Memiliki momongan merupakan suatu hal yang membahagiakan bagi setiap orangtua. Terutama bagi ibu, yang selama sembilan bulan mengandung dan menanti kehadiran buah hati ke dunia, hingga akhirnya merasa lega telah melewati proses melahirkan dengan lancar. Namun dalam beberapa kesempatan, didapati beberapa ibu atau calon ibu yang justru mengalami kehawatiran berlebih, merasa sedih, dan emosi. Jika begitu, bisa saja sang ibu mengalami baby blues syndrome.

Foto: freepik

Apa sih baby blues syndrome itu?

Dikatakan dr. Arundhati N. Aji, SpKJ, baby blues syndrome termasuk dalam golongan depresi. Biasanya tanda-tanda terjadinya sudah mulai terlihat sebelum melakukan persalinan, atau bisa juga muncul setelah persalinan. “Jadi seperti tanda-tanda depresi pada umumnya, tapi baby blues terkait erat dengan persalinan,” kata dr. Arundhati.

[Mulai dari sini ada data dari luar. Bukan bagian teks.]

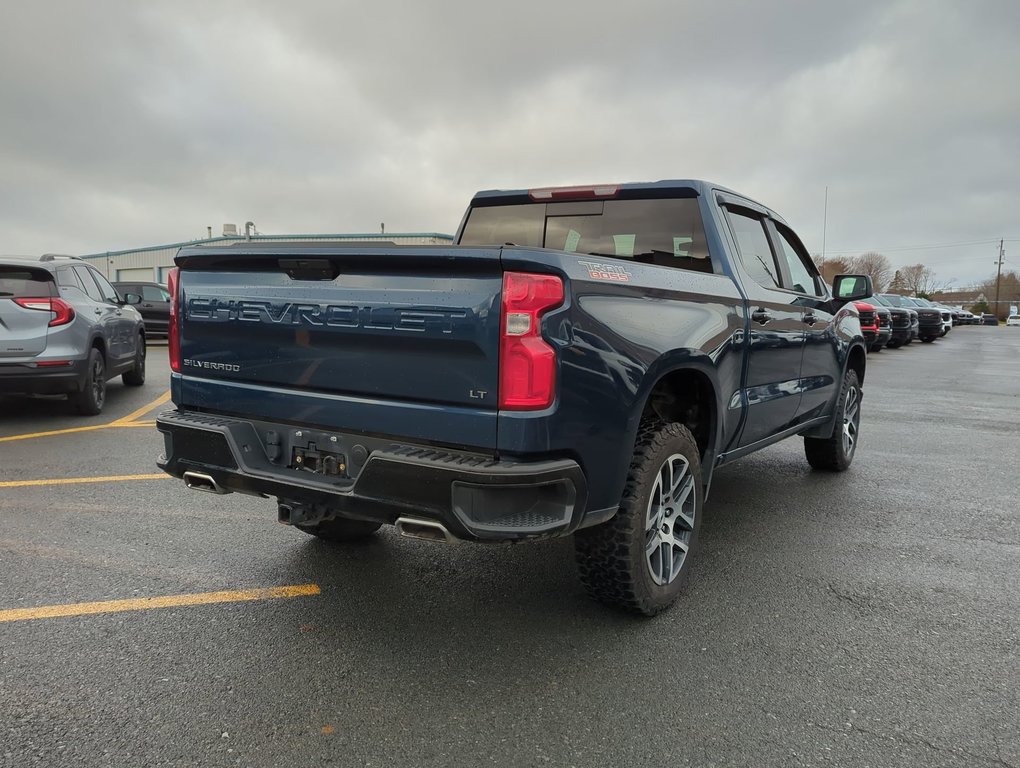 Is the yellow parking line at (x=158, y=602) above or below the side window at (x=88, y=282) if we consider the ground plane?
below

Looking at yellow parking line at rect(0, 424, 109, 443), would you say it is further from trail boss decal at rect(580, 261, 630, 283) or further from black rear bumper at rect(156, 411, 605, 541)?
trail boss decal at rect(580, 261, 630, 283)

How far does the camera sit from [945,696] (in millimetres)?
2594

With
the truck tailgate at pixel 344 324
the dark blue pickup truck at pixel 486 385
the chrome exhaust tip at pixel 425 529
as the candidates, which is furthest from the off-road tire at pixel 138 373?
the chrome exhaust tip at pixel 425 529

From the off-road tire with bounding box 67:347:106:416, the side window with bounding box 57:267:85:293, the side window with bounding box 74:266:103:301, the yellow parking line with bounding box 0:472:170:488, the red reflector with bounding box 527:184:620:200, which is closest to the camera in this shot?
the red reflector with bounding box 527:184:620:200

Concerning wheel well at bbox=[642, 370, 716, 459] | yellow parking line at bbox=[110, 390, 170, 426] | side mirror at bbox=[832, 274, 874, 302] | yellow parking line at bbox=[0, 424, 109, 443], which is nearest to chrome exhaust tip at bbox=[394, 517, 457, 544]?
wheel well at bbox=[642, 370, 716, 459]

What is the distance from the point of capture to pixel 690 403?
3660mm

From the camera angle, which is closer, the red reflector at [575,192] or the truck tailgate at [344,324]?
the truck tailgate at [344,324]

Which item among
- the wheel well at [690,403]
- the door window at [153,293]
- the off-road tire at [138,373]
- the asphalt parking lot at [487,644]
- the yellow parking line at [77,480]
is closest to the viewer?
the asphalt parking lot at [487,644]

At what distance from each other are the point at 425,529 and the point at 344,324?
32.9 inches

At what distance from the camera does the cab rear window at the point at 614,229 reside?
12.8ft

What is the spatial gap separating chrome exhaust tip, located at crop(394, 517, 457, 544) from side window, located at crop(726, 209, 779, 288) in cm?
244

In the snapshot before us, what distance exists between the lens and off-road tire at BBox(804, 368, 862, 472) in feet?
18.6

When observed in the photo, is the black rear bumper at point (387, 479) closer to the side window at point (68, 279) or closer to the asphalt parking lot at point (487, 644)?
the asphalt parking lot at point (487, 644)

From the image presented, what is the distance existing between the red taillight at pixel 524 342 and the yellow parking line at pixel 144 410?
21.1ft
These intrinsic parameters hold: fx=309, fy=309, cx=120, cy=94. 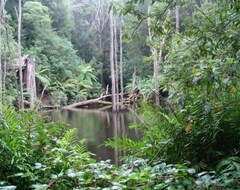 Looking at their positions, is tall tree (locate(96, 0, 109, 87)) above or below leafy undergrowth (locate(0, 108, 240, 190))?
above

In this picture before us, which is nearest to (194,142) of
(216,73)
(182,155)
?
(182,155)

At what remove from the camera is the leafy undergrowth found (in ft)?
4.53

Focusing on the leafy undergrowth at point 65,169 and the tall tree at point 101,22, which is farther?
the tall tree at point 101,22

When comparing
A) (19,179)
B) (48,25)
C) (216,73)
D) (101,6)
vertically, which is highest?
(101,6)

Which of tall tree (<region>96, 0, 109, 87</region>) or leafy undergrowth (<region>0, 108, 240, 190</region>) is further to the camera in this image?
tall tree (<region>96, 0, 109, 87</region>)

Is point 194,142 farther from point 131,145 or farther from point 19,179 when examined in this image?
point 19,179

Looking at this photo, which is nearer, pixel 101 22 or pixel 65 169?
pixel 65 169

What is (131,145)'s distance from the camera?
2.17 m

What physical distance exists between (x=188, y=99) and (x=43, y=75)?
17.3m

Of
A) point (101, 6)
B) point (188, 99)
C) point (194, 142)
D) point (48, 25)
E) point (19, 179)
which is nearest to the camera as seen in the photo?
point (19, 179)

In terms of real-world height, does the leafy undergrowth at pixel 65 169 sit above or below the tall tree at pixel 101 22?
below

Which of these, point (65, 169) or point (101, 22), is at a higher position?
point (101, 22)

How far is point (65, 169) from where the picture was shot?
1797mm

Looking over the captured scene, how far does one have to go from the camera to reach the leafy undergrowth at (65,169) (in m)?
1.38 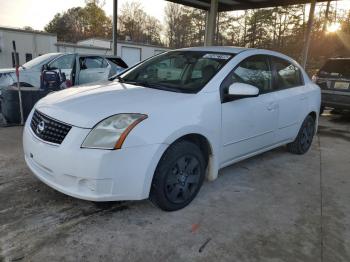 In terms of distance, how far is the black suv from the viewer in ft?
24.1

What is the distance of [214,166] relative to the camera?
3.13 meters

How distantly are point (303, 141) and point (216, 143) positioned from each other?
235cm

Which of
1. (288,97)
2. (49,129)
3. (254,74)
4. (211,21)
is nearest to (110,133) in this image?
(49,129)

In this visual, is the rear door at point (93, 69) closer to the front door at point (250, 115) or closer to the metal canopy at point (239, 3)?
the metal canopy at point (239, 3)

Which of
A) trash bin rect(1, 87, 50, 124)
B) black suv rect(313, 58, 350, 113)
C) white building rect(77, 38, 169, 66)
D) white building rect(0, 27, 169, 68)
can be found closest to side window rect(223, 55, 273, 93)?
trash bin rect(1, 87, 50, 124)

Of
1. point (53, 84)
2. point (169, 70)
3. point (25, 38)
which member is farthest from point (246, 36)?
point (169, 70)

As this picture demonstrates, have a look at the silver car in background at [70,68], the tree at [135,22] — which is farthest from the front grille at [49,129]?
the tree at [135,22]

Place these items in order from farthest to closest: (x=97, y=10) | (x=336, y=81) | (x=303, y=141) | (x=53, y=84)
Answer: (x=97, y=10), (x=336, y=81), (x=53, y=84), (x=303, y=141)

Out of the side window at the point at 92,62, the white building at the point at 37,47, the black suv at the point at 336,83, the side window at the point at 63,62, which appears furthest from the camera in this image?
the white building at the point at 37,47

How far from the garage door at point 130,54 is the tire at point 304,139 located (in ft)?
58.3

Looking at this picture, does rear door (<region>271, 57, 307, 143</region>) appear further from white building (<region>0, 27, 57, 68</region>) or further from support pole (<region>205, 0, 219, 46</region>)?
white building (<region>0, 27, 57, 68</region>)

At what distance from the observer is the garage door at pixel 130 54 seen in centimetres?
2158

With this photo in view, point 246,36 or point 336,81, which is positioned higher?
point 246,36

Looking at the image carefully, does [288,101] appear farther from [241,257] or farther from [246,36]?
[246,36] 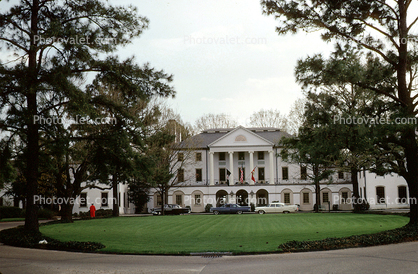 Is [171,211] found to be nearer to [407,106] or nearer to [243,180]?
[243,180]

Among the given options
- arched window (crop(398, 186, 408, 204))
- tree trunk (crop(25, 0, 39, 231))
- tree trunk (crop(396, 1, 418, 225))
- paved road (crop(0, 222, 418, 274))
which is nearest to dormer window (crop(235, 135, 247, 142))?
arched window (crop(398, 186, 408, 204))

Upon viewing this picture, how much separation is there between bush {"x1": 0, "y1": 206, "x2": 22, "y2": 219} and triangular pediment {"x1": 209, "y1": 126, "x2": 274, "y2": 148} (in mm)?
27884

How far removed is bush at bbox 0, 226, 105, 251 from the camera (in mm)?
12734

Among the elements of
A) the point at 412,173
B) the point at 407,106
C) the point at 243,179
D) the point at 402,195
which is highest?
the point at 407,106

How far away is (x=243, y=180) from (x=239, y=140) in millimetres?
6336

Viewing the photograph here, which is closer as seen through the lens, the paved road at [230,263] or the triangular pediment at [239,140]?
the paved road at [230,263]

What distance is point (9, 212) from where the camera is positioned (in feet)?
138

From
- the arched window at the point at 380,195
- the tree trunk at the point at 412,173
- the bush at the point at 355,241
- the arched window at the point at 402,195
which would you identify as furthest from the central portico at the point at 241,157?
the bush at the point at 355,241

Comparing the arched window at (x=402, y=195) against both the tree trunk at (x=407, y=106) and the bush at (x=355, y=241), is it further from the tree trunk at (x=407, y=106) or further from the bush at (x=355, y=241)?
the bush at (x=355, y=241)

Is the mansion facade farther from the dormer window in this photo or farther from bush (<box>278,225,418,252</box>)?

Baby blues syndrome dapat disebabkan oleh beberapa faktor yang saling terkait, yaitu biologis, psikologis, dan sosial (biopsikososial). Pertama adalah sisi biologis ibu yang bermasalah, biasanya dalam hal persalinan ini berhubungan dengan hormonal. Dimana ibu yang baru melahirkan mengalami perubahan hormon yang sangat drastis, sehingga mengalami rasa lelah, bingung, dan penurunan mood yang signifikan.

Kemudian secara psikologis, dapat saja terganggu ketika ibu ternyata belum siap menyandang gelar sebagai seorang ibu. “Kalau ibu semakin tidak siap menghadapi perubahan hidup dan peran barunya, maka ini akan lebih rentan terjadi,” ujar dr. Arundhati.

Sedangkan faktor ketiga adalah sosial, yaitu lingkungan sekitarnya. Misalnya dari suami atau keluarga, yang ternyata tidak me-support atau memberi bantuan dalam bentuk apapun sehingga ibu merasa tidak nyaman.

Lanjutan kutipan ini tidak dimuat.